### [Task instructions]
Take the line that contains "Anime Fire Force" and each one after it through the last line below, and retype them exactly. Leave out the pictures.

Captioned web images:
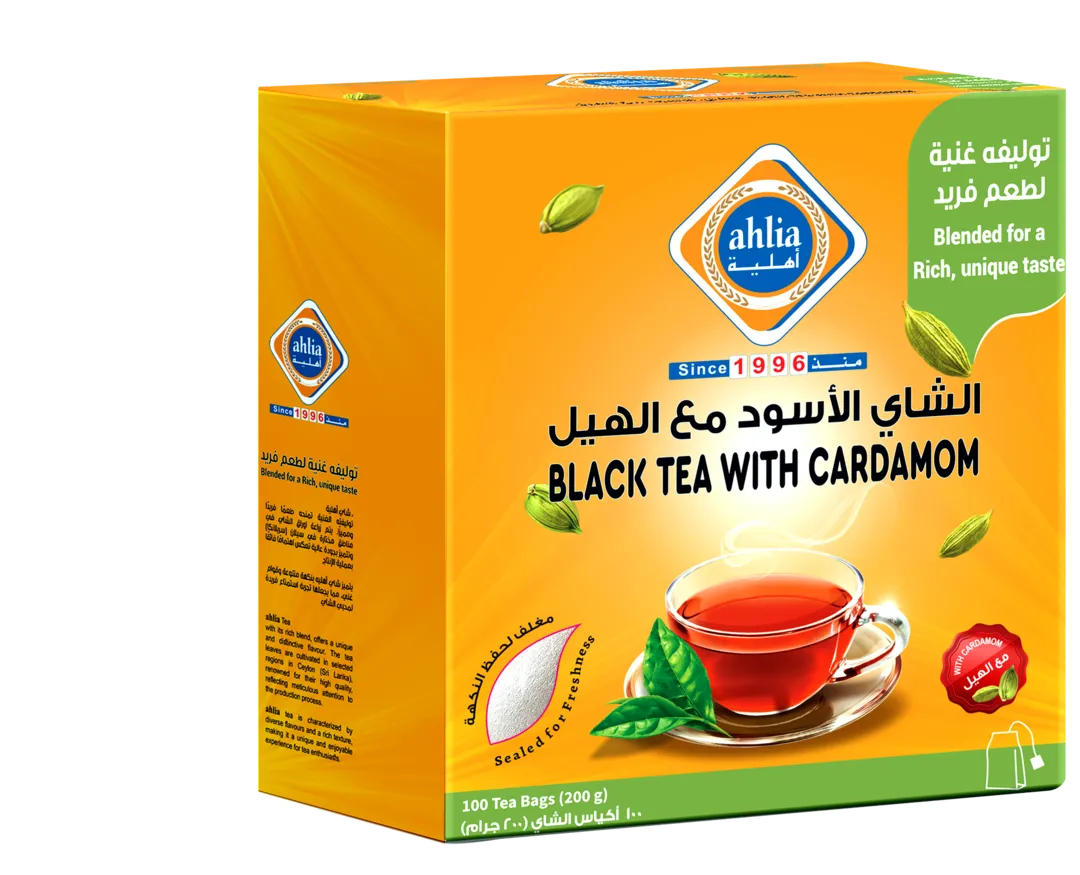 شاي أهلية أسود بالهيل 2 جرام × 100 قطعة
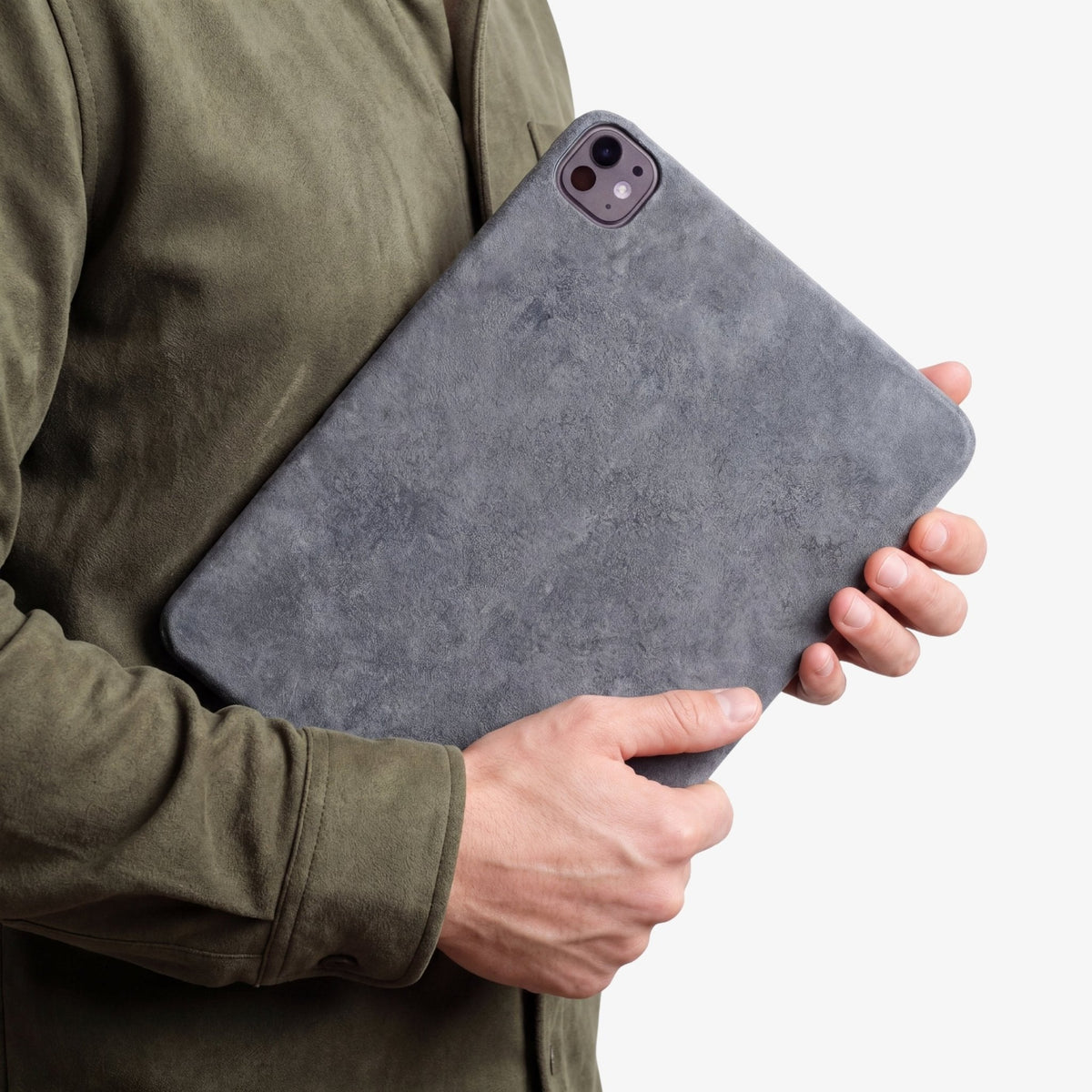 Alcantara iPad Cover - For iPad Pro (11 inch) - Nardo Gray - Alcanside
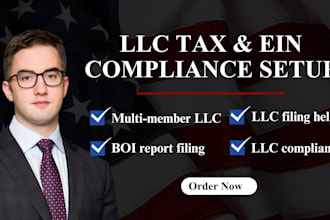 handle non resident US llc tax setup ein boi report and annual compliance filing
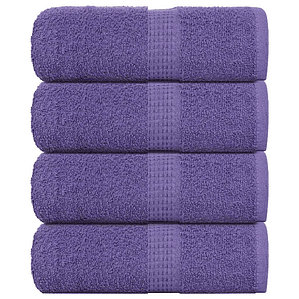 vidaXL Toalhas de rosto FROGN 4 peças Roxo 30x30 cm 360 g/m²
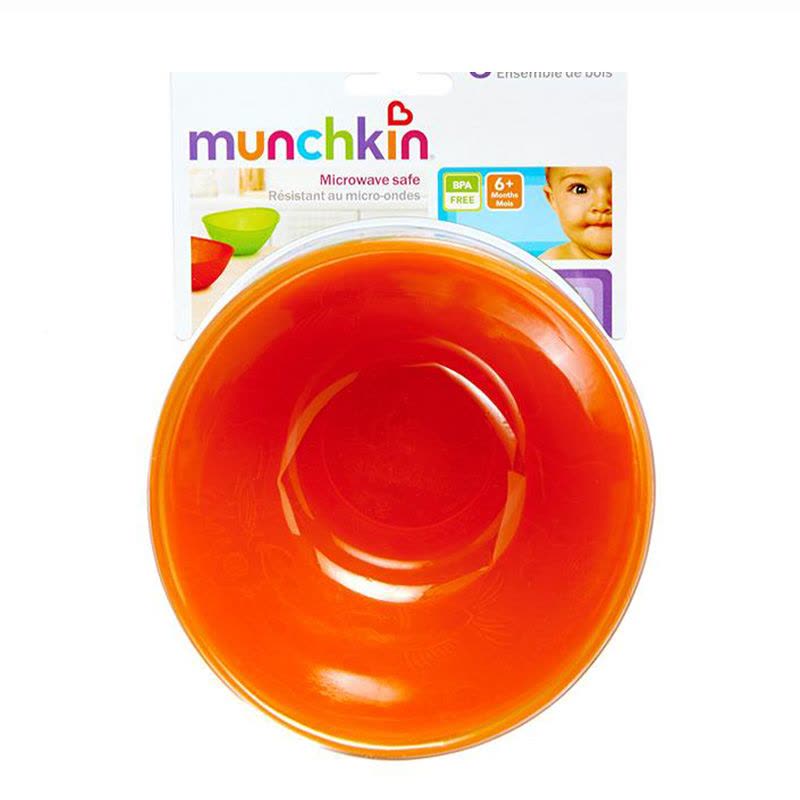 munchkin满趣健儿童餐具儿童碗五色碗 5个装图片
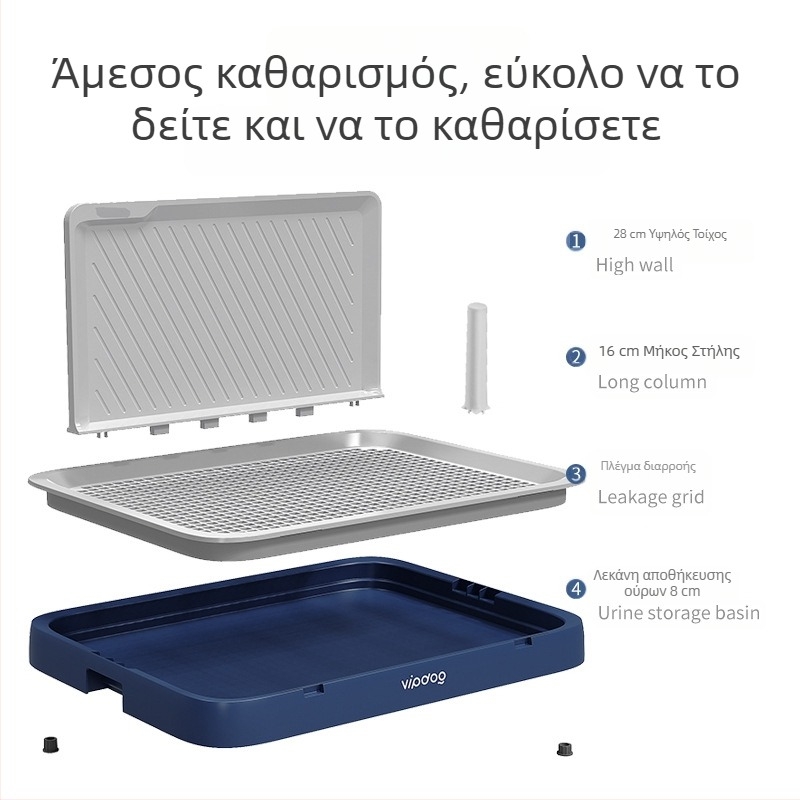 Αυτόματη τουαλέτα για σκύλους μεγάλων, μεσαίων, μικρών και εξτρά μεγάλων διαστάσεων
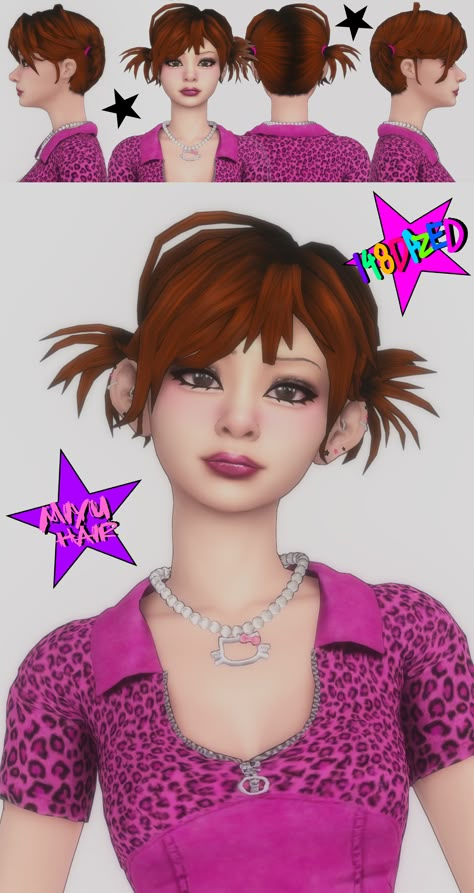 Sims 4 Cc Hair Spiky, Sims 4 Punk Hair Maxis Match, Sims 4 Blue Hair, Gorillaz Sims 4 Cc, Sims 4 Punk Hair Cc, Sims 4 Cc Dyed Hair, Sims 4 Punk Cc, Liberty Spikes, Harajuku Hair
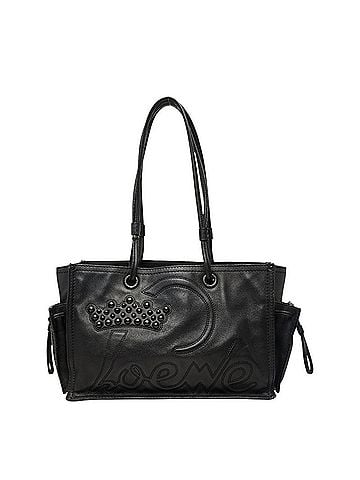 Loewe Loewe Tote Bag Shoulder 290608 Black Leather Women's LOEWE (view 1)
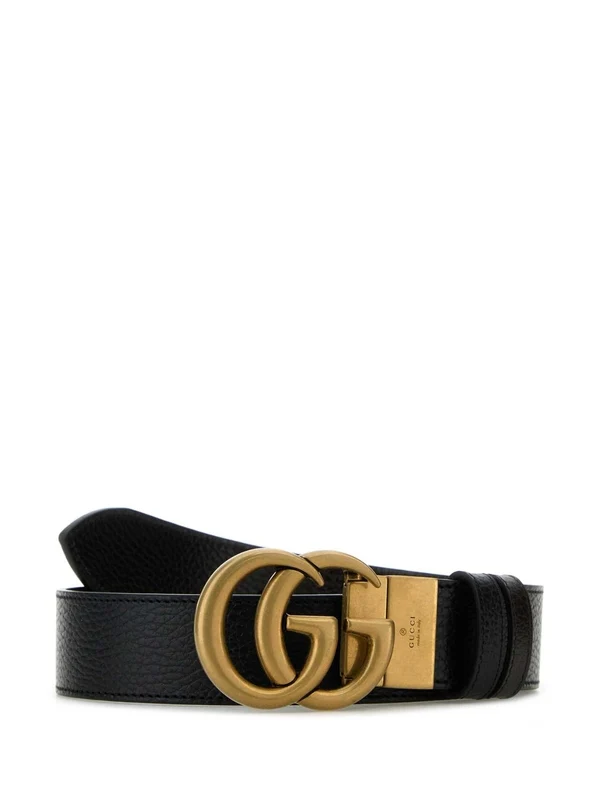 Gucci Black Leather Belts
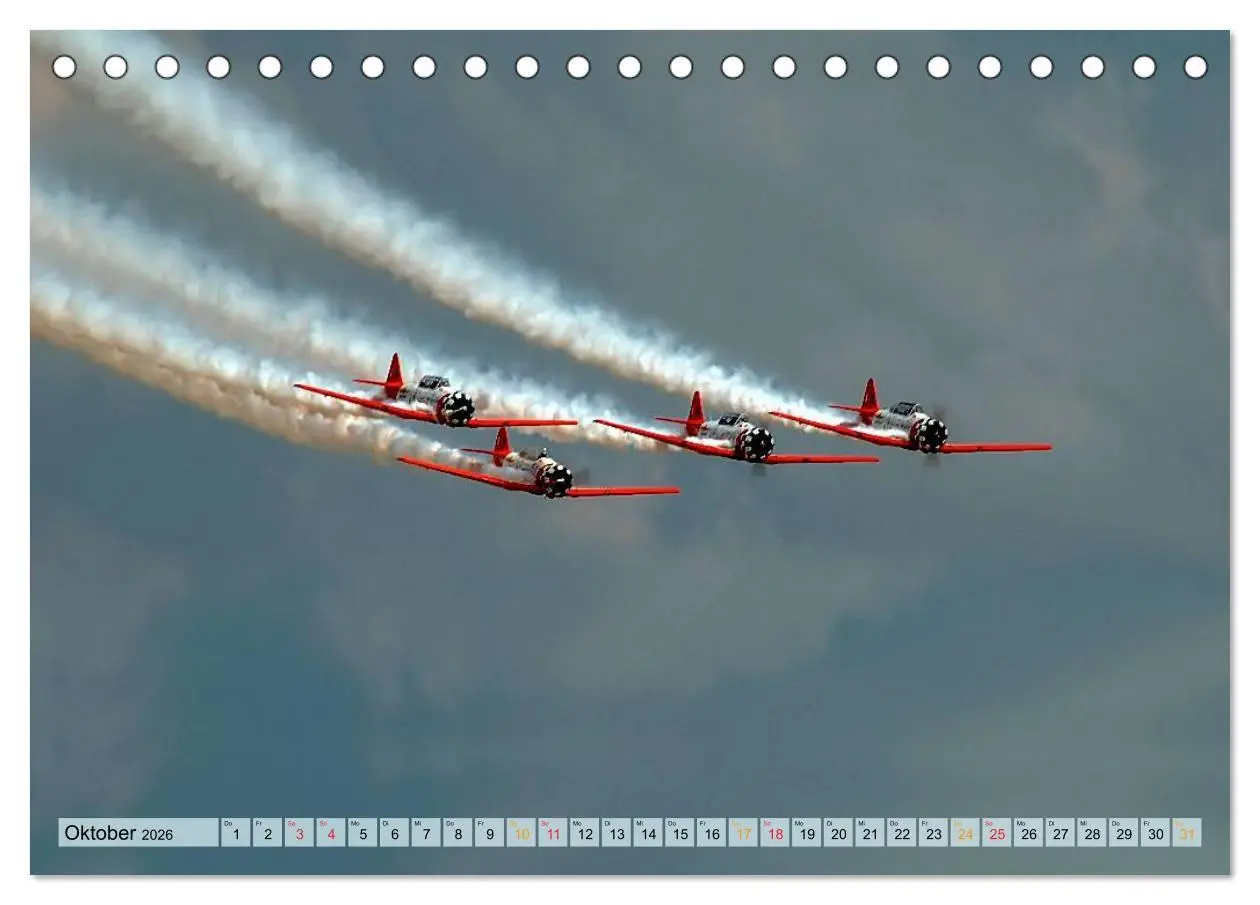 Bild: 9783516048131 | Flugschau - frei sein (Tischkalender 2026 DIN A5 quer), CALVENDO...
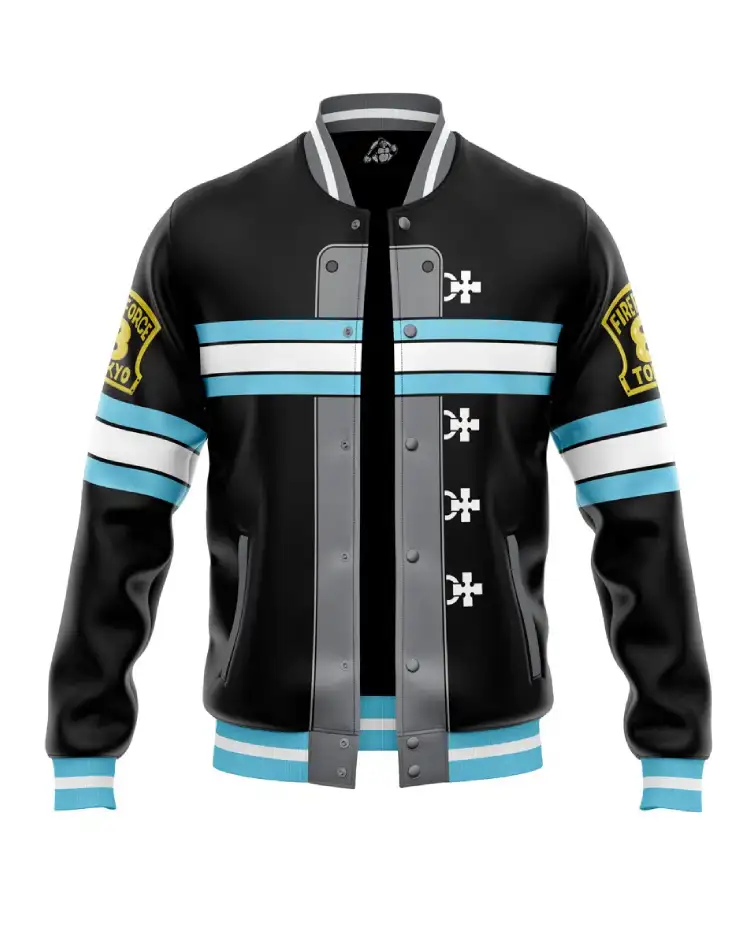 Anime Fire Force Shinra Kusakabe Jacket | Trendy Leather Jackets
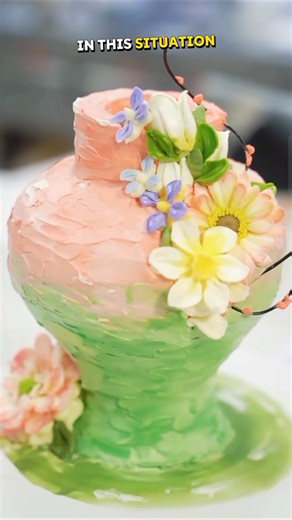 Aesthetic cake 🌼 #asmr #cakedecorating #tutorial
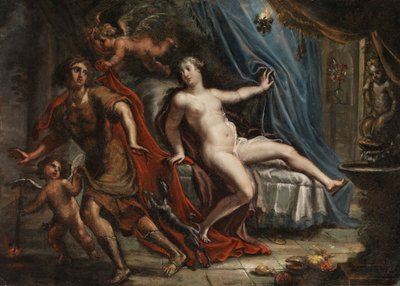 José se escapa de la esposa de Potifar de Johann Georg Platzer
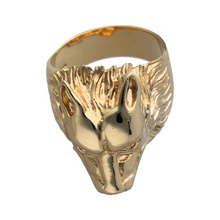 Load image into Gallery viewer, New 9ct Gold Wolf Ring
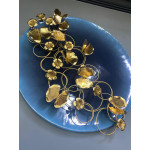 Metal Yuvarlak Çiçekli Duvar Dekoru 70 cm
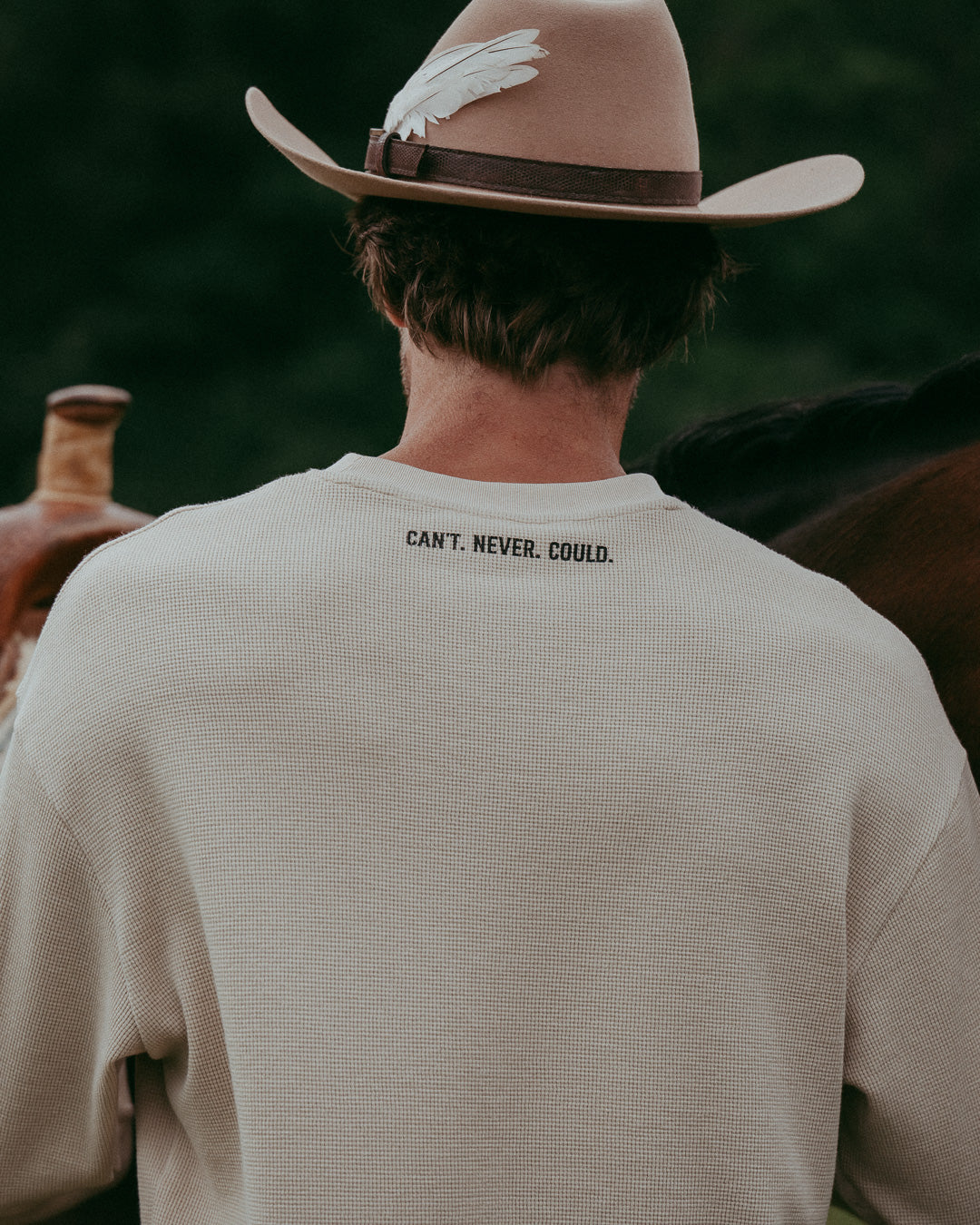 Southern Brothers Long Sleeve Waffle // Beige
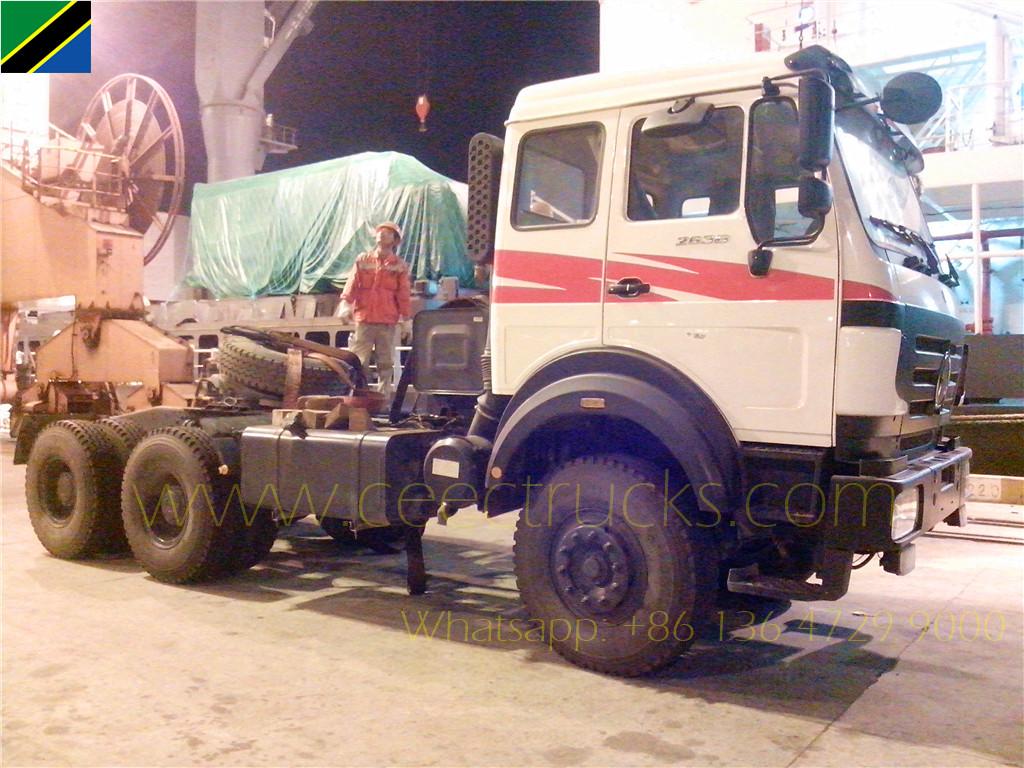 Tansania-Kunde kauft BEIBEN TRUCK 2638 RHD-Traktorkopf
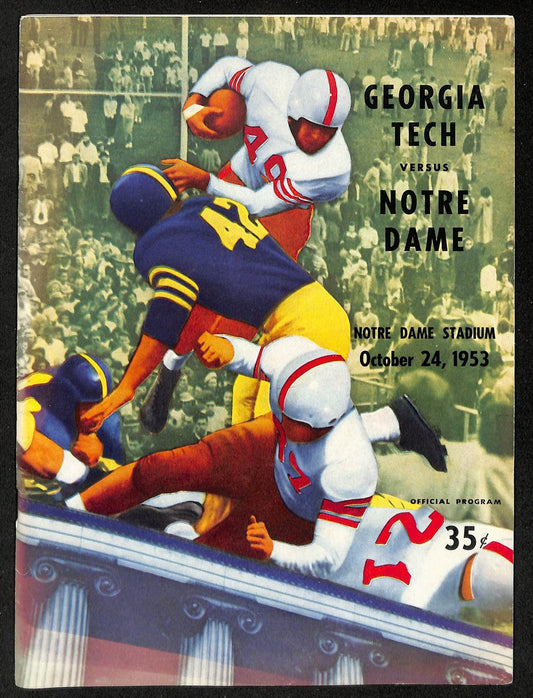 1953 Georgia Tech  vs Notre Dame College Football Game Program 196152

### [Reply to the exercise]
 Anime Fire Force Shinra Kusakabe Jacket | Trendy Leather Jackets
 Aesthetic cake 🌼 #asmr #cakedecorating #tutorial
 José se escapa de la esposa de Potifar de Johann Georg Platzer
 Load image into Gallery viewer, New 9ct Gold Wolf Ring
 Metal Yuvarlak Çiçekli Duvar Dekoru 70 cm
 Southern Brothers Long Sleeve Waffle // Beige
 Tansania-Kunde kauft BEIBEN TRUCK 2638 RHD-Traktorkopf
 1953 Georgia Tech  vs Notre Dame College Football Game Program 196152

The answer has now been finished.